A new way is needed to bridge the gaps between the two approaches. How do we create a solution that works for new malware while ensuring maximum accuracy?

A new deep learning-based approach

In the past year, Alibaba Cloud has started applying a third approach, what we call a “deep learning-based approach” to malware detection.

Despite the increasing sophistication of new malware, we came to realize a simple truth about malware developers — they like to re-use codes. A new malware, or a new variant of an existing malware will include code lines that were used before.

If our system can compare new files with clusters of known malware families which share a similar “code base”, a decision can be made with high certainty.  

We know that deep learning – also known as deep neural network – could be used to classify malicious code, and they operate without explicit rules or human supervision.
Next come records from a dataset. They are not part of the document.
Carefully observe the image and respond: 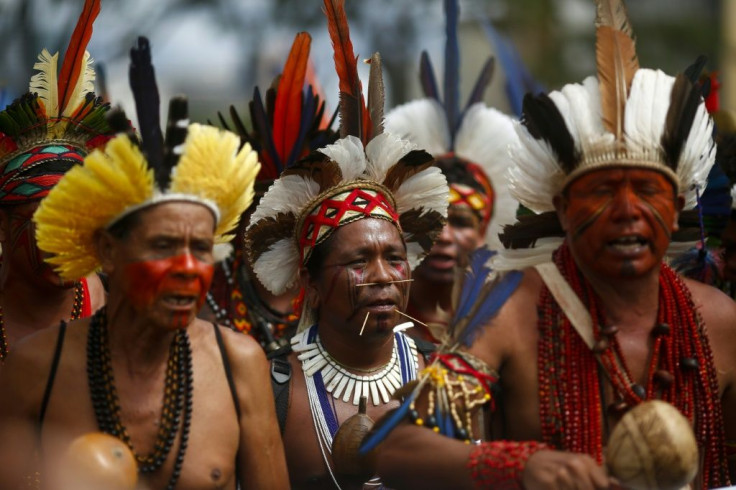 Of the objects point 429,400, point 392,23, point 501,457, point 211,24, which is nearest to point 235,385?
point 429,400

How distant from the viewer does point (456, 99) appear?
7547 mm

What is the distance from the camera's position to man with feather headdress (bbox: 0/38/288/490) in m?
3.75

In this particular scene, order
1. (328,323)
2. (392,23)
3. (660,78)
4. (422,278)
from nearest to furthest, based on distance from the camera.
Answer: (660,78) < (328,323) < (422,278) < (392,23)

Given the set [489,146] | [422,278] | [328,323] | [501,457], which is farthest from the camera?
[489,146]

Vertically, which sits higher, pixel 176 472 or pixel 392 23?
pixel 392 23

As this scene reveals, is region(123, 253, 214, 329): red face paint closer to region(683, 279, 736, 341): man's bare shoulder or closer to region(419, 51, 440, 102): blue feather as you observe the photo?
region(683, 279, 736, 341): man's bare shoulder

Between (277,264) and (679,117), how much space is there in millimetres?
1812

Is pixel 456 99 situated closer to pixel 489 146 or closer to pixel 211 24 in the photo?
pixel 489 146

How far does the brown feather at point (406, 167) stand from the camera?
195 inches

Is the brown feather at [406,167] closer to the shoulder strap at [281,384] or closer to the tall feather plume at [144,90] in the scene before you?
the shoulder strap at [281,384]

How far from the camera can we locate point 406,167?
502cm

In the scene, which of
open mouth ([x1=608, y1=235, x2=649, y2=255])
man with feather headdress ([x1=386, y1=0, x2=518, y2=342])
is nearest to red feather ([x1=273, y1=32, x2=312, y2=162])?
man with feather headdress ([x1=386, y1=0, x2=518, y2=342])

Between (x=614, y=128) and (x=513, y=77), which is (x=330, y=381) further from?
(x=513, y=77)

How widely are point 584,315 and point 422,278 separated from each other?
2589 millimetres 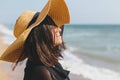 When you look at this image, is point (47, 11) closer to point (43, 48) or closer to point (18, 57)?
point (43, 48)

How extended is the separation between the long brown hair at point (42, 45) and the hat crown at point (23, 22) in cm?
14

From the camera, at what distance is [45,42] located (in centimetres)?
241

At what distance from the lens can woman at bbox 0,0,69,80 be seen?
7.77 ft

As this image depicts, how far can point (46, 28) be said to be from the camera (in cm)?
242

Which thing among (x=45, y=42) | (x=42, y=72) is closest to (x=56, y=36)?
(x=45, y=42)

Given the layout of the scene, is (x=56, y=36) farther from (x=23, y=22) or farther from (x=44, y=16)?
(x=23, y=22)

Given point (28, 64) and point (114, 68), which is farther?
point (114, 68)

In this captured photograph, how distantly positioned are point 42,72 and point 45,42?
190 millimetres

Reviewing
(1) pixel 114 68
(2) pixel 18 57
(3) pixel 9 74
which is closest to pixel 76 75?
(3) pixel 9 74

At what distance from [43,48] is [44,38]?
64 mm

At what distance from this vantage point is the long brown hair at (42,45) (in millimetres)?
2383

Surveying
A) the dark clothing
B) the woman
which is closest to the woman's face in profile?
the woman

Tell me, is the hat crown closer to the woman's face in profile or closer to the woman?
the woman

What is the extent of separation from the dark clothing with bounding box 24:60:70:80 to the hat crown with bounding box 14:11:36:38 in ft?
0.83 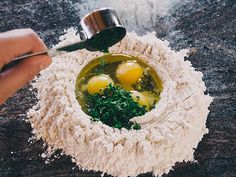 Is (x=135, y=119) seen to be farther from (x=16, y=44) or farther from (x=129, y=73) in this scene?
(x=16, y=44)

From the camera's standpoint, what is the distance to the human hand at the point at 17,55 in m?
1.82

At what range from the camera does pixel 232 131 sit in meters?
2.40

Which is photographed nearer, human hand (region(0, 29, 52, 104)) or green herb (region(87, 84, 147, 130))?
human hand (region(0, 29, 52, 104))

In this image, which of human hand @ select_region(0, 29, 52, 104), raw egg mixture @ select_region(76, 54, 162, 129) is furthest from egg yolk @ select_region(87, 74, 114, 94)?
human hand @ select_region(0, 29, 52, 104)

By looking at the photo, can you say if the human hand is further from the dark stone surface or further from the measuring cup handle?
the dark stone surface

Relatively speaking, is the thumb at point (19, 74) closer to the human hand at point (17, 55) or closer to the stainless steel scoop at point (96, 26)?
the human hand at point (17, 55)

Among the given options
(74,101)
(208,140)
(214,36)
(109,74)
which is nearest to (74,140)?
(74,101)

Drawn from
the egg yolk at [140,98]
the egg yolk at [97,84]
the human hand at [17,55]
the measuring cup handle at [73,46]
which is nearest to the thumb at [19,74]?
the human hand at [17,55]

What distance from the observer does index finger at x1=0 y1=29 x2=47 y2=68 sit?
181 centimetres

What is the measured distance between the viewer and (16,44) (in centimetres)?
184

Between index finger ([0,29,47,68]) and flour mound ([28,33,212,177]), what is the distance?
42 centimetres

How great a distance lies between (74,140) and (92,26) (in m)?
0.55

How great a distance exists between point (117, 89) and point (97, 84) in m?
0.11

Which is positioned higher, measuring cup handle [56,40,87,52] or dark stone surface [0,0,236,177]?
measuring cup handle [56,40,87,52] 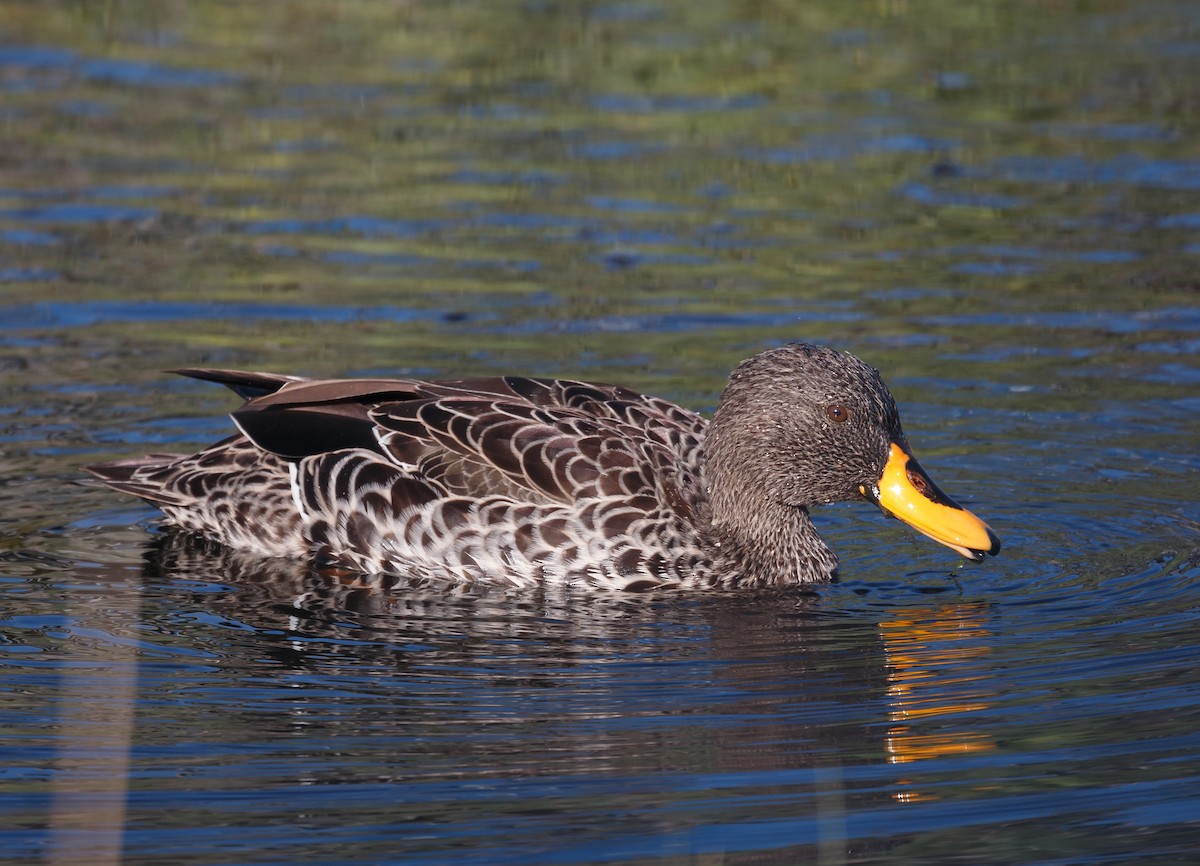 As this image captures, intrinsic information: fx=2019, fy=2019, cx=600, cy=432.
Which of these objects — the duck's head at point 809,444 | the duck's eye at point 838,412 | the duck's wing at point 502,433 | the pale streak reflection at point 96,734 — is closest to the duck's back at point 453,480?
the duck's wing at point 502,433

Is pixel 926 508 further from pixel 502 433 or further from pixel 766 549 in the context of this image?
pixel 502 433

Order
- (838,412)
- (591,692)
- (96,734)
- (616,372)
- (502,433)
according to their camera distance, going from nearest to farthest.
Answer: (96,734), (591,692), (838,412), (502,433), (616,372)

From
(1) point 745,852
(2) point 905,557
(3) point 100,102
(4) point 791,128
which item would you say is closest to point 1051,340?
(2) point 905,557

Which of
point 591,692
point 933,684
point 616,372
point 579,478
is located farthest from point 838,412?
point 616,372

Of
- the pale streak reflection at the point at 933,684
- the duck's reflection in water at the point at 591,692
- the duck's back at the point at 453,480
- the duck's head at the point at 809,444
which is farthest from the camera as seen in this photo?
the duck's back at the point at 453,480

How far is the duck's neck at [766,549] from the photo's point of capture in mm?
8742

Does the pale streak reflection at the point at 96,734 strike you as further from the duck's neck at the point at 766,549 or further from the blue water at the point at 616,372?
the duck's neck at the point at 766,549

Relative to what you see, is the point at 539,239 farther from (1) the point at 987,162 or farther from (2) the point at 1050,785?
(2) the point at 1050,785

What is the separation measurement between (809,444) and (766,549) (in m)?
0.51

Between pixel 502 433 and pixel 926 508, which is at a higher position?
pixel 502 433

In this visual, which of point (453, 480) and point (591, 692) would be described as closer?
point (591, 692)

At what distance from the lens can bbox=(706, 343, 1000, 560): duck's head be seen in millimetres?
8539

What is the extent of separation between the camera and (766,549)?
878 cm

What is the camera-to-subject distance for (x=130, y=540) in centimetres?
935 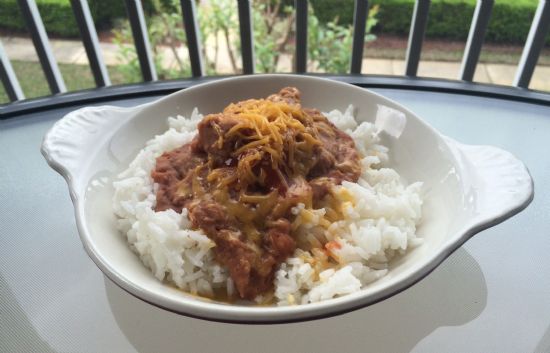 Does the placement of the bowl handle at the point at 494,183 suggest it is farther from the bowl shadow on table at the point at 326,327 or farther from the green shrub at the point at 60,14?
the green shrub at the point at 60,14

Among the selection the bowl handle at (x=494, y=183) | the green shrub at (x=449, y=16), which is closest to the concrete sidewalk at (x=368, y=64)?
the green shrub at (x=449, y=16)

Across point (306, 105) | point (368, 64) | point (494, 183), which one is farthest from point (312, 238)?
point (368, 64)

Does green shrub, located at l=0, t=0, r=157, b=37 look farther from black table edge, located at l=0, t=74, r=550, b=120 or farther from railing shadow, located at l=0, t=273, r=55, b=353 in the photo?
railing shadow, located at l=0, t=273, r=55, b=353

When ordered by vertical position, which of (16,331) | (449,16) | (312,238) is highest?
(312,238)

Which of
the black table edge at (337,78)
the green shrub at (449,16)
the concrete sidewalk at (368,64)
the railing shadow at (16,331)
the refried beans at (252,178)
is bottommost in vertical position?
the concrete sidewalk at (368,64)

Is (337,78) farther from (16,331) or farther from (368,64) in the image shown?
(368,64)

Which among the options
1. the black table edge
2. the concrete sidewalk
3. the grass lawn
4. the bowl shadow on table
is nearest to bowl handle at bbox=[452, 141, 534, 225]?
the bowl shadow on table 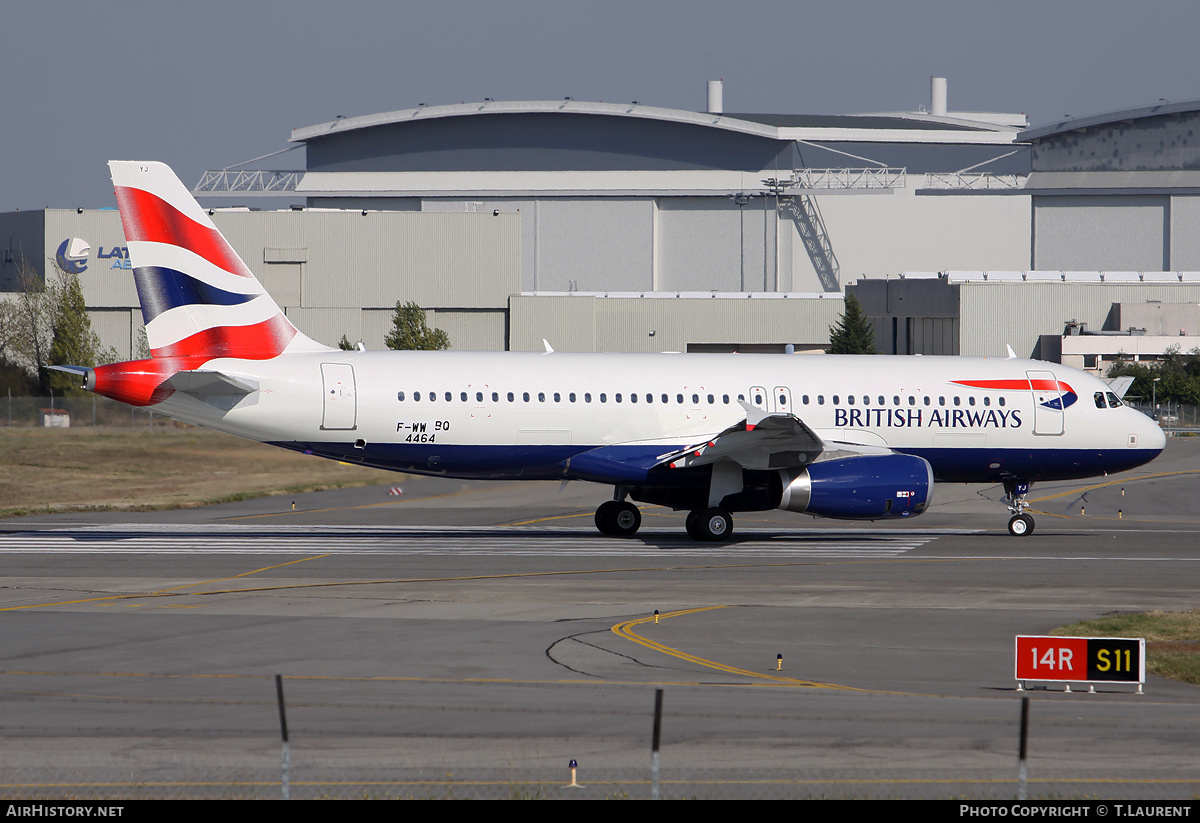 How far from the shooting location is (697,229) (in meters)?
103

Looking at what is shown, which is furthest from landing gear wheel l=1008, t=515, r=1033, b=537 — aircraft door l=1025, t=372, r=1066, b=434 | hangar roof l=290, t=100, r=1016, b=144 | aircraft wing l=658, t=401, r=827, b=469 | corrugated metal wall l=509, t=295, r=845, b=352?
hangar roof l=290, t=100, r=1016, b=144

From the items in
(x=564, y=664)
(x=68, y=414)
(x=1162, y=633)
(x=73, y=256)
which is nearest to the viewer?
(x=564, y=664)

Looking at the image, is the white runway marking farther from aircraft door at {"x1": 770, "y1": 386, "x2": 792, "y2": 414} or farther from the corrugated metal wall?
the corrugated metal wall

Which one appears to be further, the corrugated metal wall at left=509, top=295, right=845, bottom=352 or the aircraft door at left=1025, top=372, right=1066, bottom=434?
the corrugated metal wall at left=509, top=295, right=845, bottom=352

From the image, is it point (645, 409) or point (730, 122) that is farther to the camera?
point (730, 122)

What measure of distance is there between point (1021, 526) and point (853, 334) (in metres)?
48.6

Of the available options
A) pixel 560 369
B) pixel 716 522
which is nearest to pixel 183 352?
pixel 560 369

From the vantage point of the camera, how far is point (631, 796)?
380 inches

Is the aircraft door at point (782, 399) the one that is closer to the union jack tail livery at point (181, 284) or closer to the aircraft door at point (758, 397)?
the aircraft door at point (758, 397)

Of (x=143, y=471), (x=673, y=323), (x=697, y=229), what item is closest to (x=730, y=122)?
(x=697, y=229)

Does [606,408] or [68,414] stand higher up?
[606,408]

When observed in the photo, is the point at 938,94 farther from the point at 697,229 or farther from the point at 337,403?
the point at 337,403

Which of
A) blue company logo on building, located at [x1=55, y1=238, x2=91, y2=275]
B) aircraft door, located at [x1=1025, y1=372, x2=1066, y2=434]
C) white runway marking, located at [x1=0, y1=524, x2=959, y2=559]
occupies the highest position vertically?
blue company logo on building, located at [x1=55, y1=238, x2=91, y2=275]

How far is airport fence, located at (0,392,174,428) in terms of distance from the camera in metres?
61.7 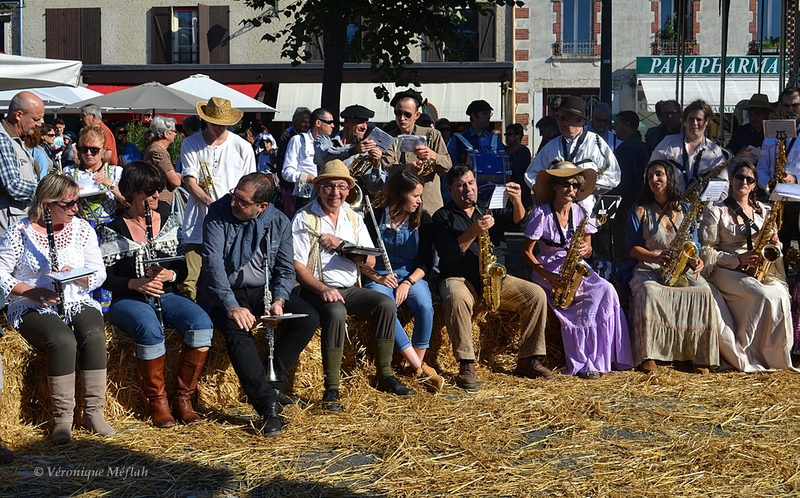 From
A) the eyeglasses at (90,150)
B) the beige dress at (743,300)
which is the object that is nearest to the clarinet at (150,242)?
the eyeglasses at (90,150)

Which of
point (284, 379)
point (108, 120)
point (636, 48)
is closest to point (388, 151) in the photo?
point (284, 379)

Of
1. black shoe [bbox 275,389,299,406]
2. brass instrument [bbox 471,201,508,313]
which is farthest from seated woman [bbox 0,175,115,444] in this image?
brass instrument [bbox 471,201,508,313]

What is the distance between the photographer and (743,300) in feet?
21.7

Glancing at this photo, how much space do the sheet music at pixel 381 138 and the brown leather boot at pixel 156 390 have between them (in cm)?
261

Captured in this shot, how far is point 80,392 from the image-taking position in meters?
5.15

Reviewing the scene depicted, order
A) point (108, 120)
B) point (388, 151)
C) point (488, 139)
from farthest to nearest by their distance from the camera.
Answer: point (108, 120) → point (488, 139) → point (388, 151)

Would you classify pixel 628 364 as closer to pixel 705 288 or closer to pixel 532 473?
pixel 705 288

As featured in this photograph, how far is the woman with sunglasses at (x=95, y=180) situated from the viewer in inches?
247

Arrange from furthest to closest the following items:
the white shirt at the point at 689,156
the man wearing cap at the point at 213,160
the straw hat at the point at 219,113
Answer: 1. the white shirt at the point at 689,156
2. the straw hat at the point at 219,113
3. the man wearing cap at the point at 213,160

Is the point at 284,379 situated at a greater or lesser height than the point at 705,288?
lesser

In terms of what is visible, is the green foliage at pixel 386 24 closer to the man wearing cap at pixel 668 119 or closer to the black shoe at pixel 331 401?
the man wearing cap at pixel 668 119

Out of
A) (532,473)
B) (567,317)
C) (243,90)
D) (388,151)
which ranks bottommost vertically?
(532,473)

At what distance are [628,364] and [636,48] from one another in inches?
868

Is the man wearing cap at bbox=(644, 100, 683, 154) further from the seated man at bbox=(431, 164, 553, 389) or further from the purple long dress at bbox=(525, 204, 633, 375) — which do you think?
the seated man at bbox=(431, 164, 553, 389) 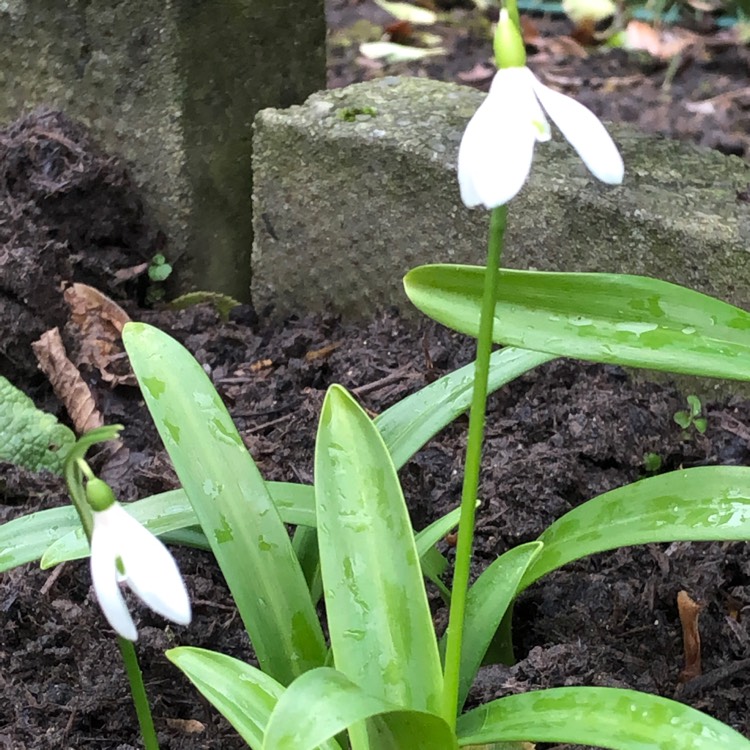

Once a deep neural network learns how to identify malicious code, it can start screening unknown programs real time and with extremely high accuracy rates.

The process of training a deep neural network involves the analysis of millions of legitimate and malicious files. While this is not easy, it is much easier than gathering a group of cybersecurity experts to manually pore through all the data we have on malwares.

Through deep learning, Alibaba Cloud has built a robust foundation for malware detection. Multiple file features and API calls form the input vectors for this neural network. Multiple layers of neural networks are generated to learn the abstract representation of malware.

Abstract representation: is this a bear or a dog?

Abstract representation can be explained with an example of image recognition.

If we are using deep learning to detect an image of a dog, we could start by training the intermediate layers of the networks to independently learn how best to identify a dog. These include common identifiers such as the dog’s ears, legs, tail. This is what we call the “abstract representation” of a dog.

When an image is presented, deep learning can compare the image with the abstract representation of a dog. Based on similarity scores on multiple layers, it will decide if the image represents a dog.

The figure below shows the image recognition of a dog, where multiple neurons can identify parts of the dog’s common features.

When the abstract representation of a potential malware is learned at an intermediate layer, the system uses a softmax function to instantaneously calculate the probability of the file being malicious. It is also able to calculate if the malware is likely to fall under the categories of trojan, ransomware, or virus.

When a neural network learns to predict the abstract representation of malware, it can also visualize the relationship between different malwares and create a map of distinct malware families.

As Alibaba Cloud has great traffic visibility on cloud-native malware, we have been uniquely positioned to build a highly trained deep neural network for several years already. This allows for quick identification of malware by family and code similarity.

Deep learning in action to detect ransomware

Alibaba Cloud has used its deep neural network to successfully detect ransomware, a type of malware designed to deny access to a computer system or data until a ransom is paid. Ransomware is often spread through phishing emails and social media, and it can cause a large amount of monetary loss and business disruption.

As new ransomware does not come with unique signatures, a signature-based approach does not work. However, we do know a couple of patterns about ransomware, for example, they will need to have certain APIs to perform the encryption function.

With this knowledge, the Alibaba Cloud malware detection system learns the behavior of different ransomware families and can block new ransomware which demonstrates similar characteristics.

The silver bullet to ending cybercrime?

Cybercrime is on the rise and is becoming more costly for organizations, according to the Ninth Annual Cost of Cybercrime Study released this year. The average cost of cybercrime for an organization has increased from US$1.4 million over the past year, to US$13.0 million during the last year.

Although AI is not the silver bullet to end cybercrime, it significantly shortens the time needed to detect malicious software, thereby reducing the damage to organizations.